It just happens to leave people sitting around longer instead of at least touching the dice a few times in between.

Now; there is another way to go about this in regards to this question about the initiative impact bit, and this loops back to sk8bcn as well.
QUOTE (sk8bcn @ May 21 2015, 10:50 PM) *
What truly was disppointing in 2nd ed was the long time taken before mage could do something. This comes back with your system. That's IMO the biggest issue of it.


So, the other possible option is to not require anyone to exactly plant anywhere on the passes, but allow them to split them up anywhere - but requiring that they do split up if they cannot fill every pass with two simple actions.

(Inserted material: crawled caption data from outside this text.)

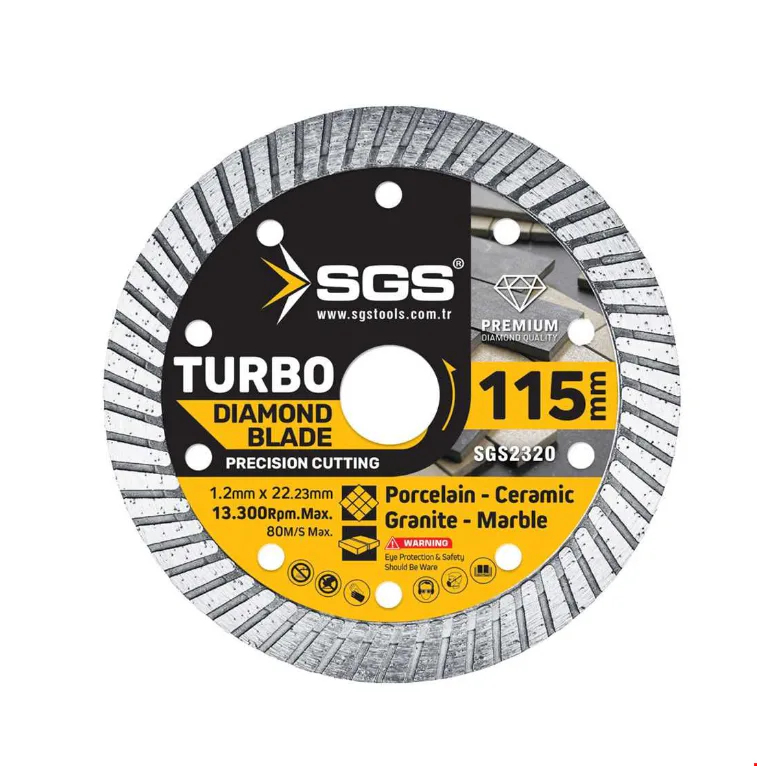 Öztürk SGS2320 Turbo Elmas Kesici 115x1,2mm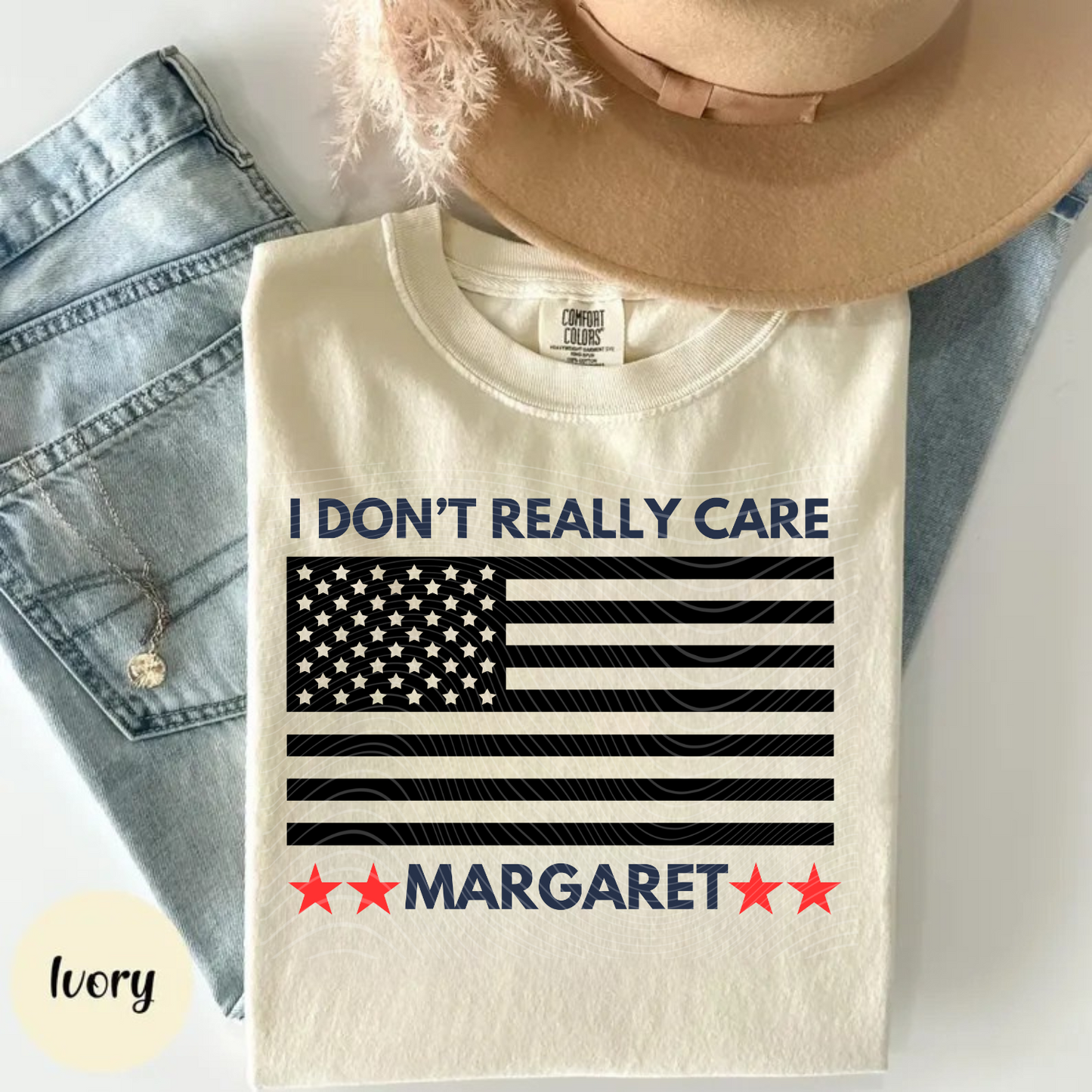 I DON’T REALLY CARE Flag CC Tee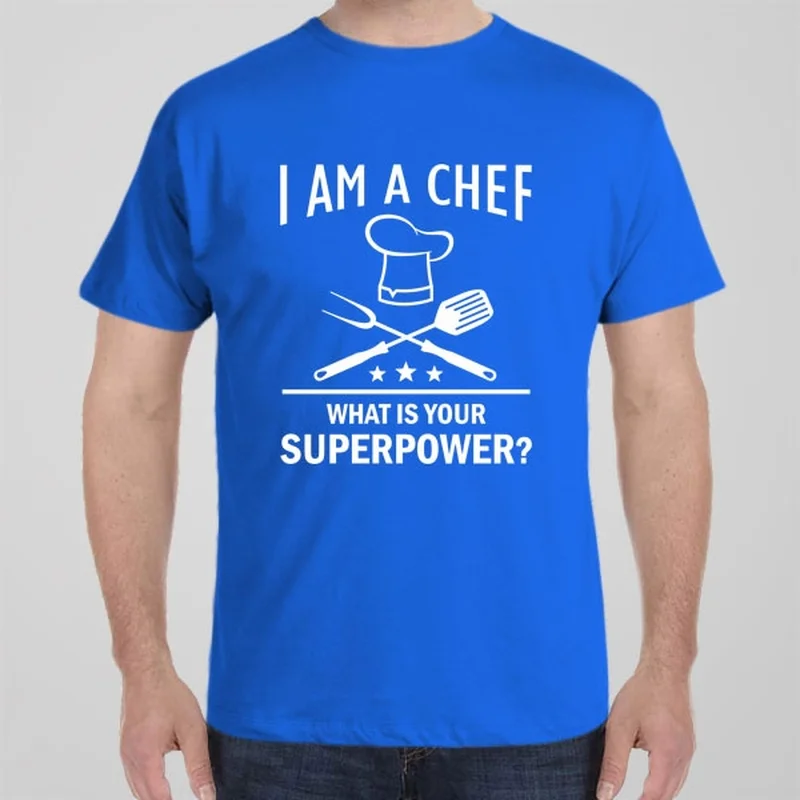 Plaid T-shirts cozy -I am Chef. What is your superpower? - T-shirt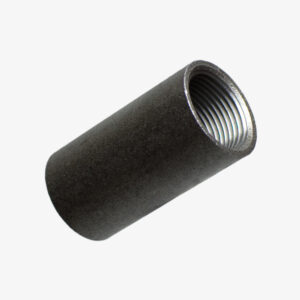 Long steel plumbing fitting in black steel for DIY industrial decoration - MCFF2061100W1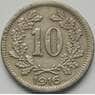 Австрия монета 10 геллеров 1916 КМ2822 VF арт. 5090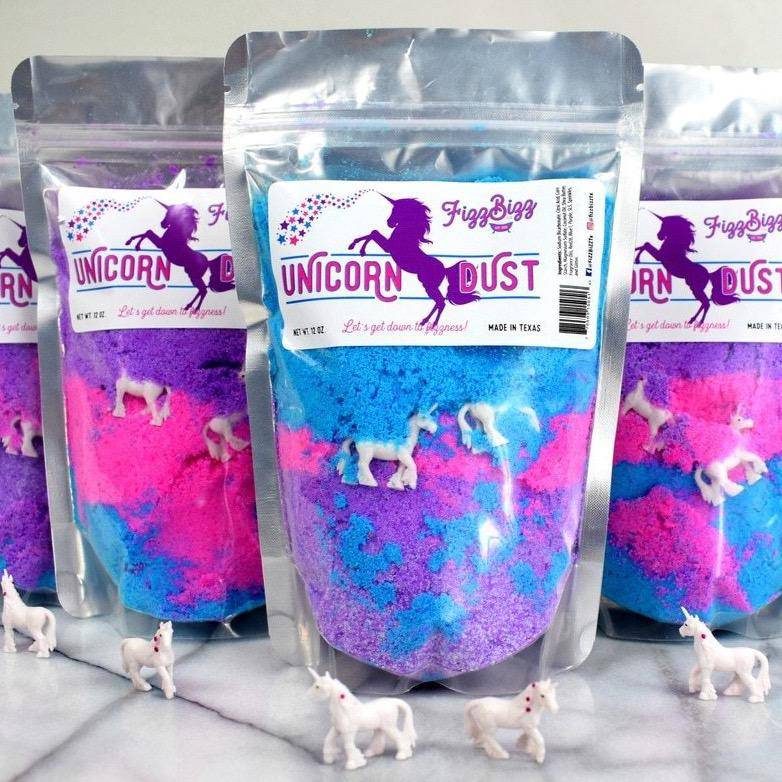 Fizz Bizz - Fizz Bizz Unicorn Dust 12OZ Bath Salts - Little Miss Muffin Children & Home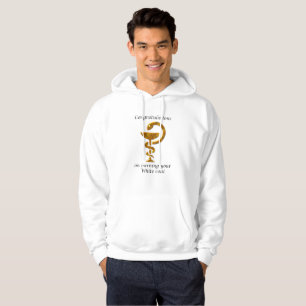 Pharmacy White Coat Zeremonie Herzlichen Glückwuns Hoodie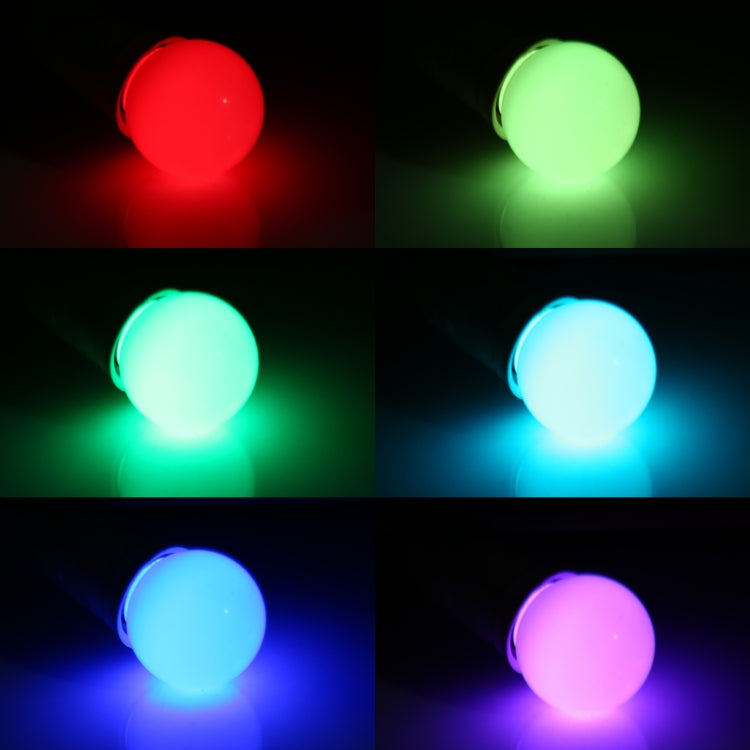 E27 3W RGB LED Bulbs, AC 220V by bashfashion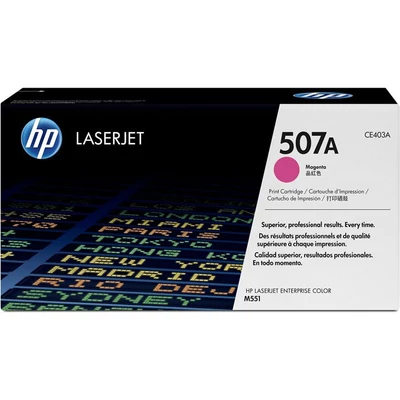 CE403A Lézertoner LaserJet M551 nyomtatóhoz, HP 507A vörös, 6k (eredeti)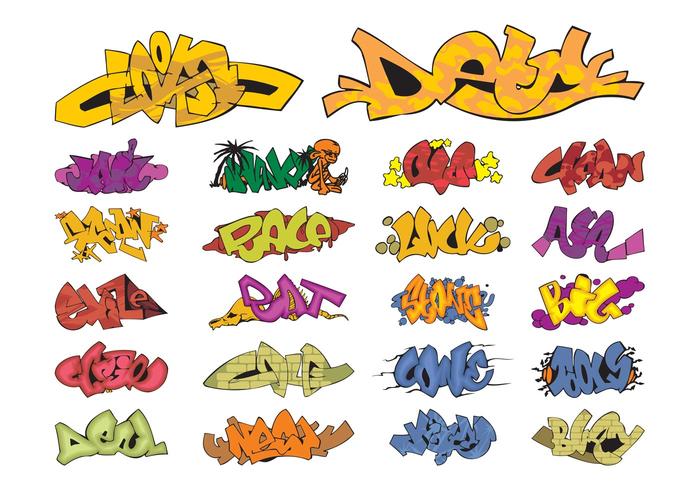 Graffiti Pieces Graphics Set Graffiti Pieces Graphics Set
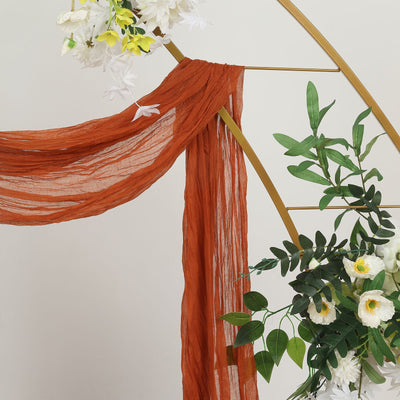 Bohemian Charm with Terracotta Gauze Bohemian Charm with Terracotta Gauze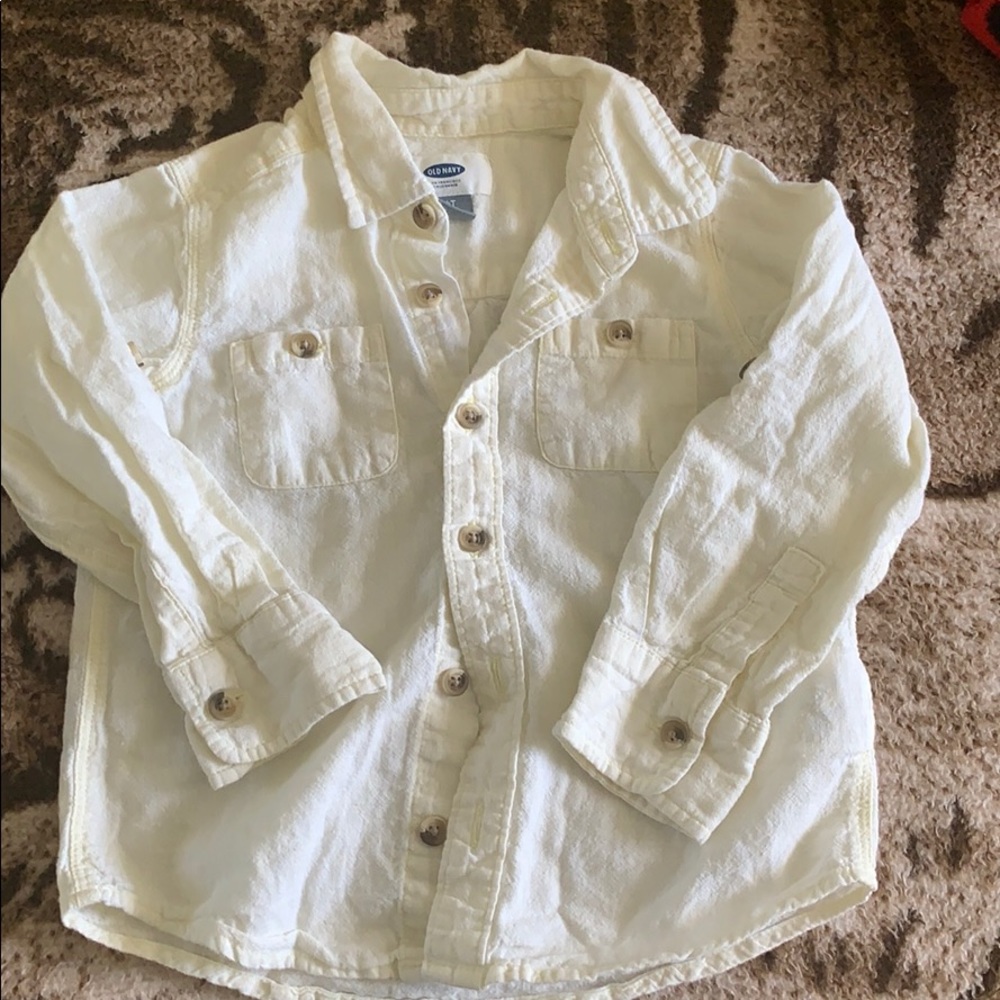 Old Navy light yellow Button Down Shirt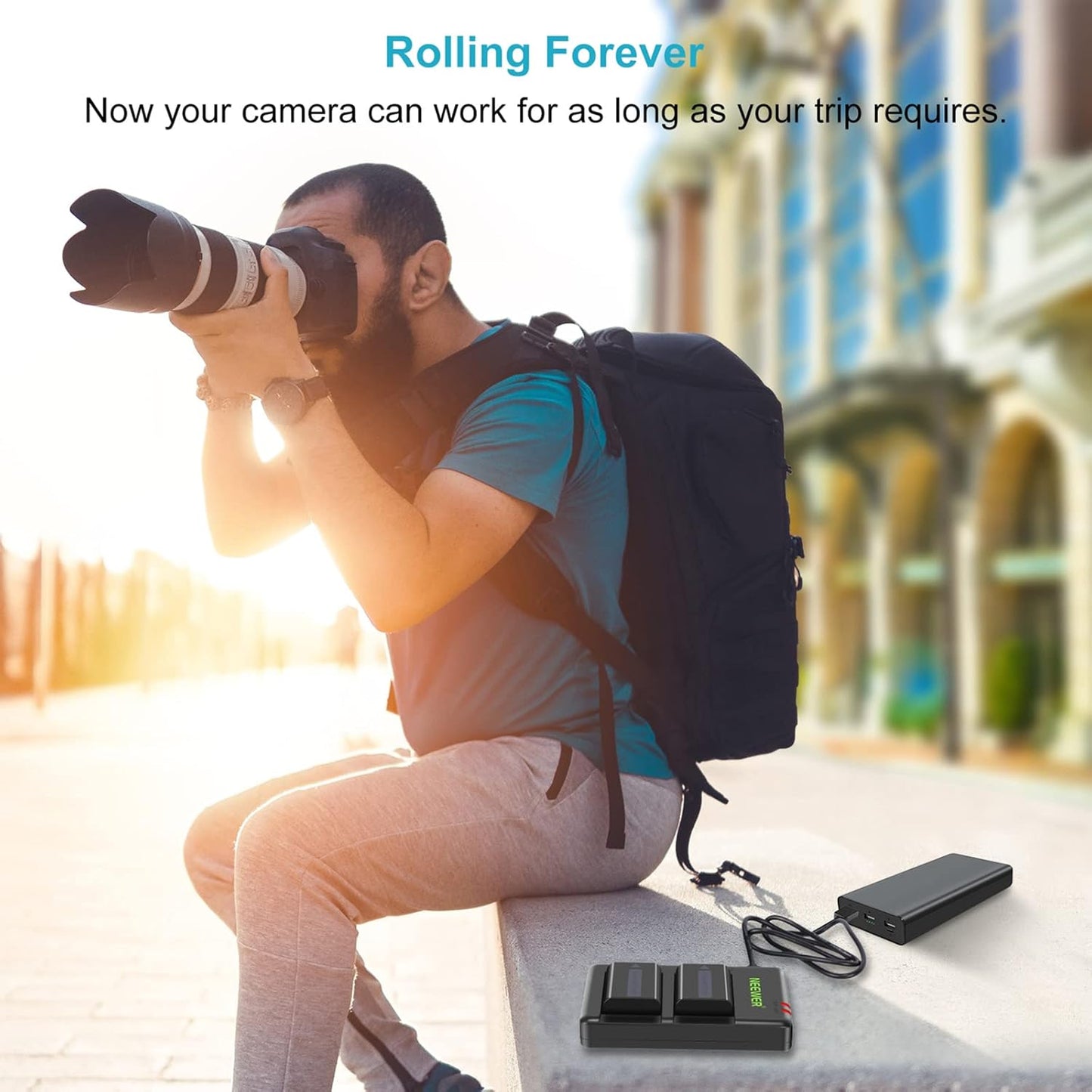 Neewer NP-FW50 Cargador de Batería para Sony A6000, A7.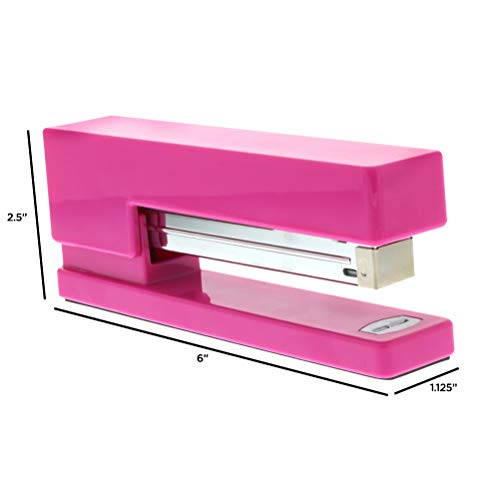 JAM PAPER Modern Desk Stapler - Pink - Sold Individually - color: Pink, size: Pack of 1
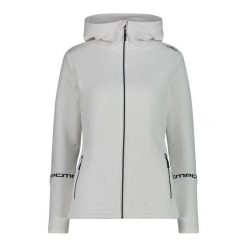 Bluza damska turystyczna CMP 32E4076. Białe bluzy damskie CMP, m, bez wzorów, sportowe, bez ramiączek, bez kaptura. W wyprzedaży za 328.99 zł.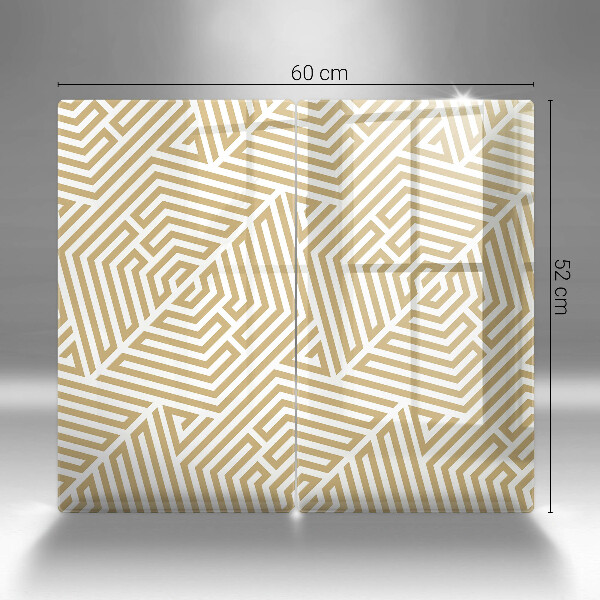 Skleněná deska za sporák Geometrické čáry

Which would change the answer to Cochise about initiative impact to look like this:

OPTION 1
................P1............P2............P3
Fast:.........23............13............03
Medium:....11a..........11b...........01
Slow:........09a...........xx............09b

OPTION 2
................P1............P2............P3
Fast:.........23............13............03
Medium:....11..........01a...........01b
Slow:........09a...........xx............09b

OPTION 3
................P1............P2............P3
Fast:.........23............13............03
Medium:....11a..........11b...........01
Slow:........xx...........09a............09b

OPTION 4
................P1............P2............P3
Fast:.........23............13............03
Medium:....11..........01a...........01b
Slow:........xx...........09a............09b


After [FAST] causes Initiative loss to [MEDIUM]

OPTION 1
................P1............P2............P3
Fast:.........23............13............03
Medium:....08a..........08b...........xx
Slow:........09a...........xx............09b

OPTION 2
................P1............P2............P3
Fast:.........23............13............03
Medium:....08...........xx............xx
Slow:........09a...........xx............09b

OPTION 3
................P1............P2............P3
Fast:.........23............13............03
Medium:....08a..........08b...........xx
Slow:........xx...........09a............09b

OPTION 4
................P1............P2............P3
Fast:.........23............13............03
Medium:....08...........xx............xx
Slow:........xx...........09a............09b


And of course [SLOW] could be moved around and have chosen different options if rule 2 is removed.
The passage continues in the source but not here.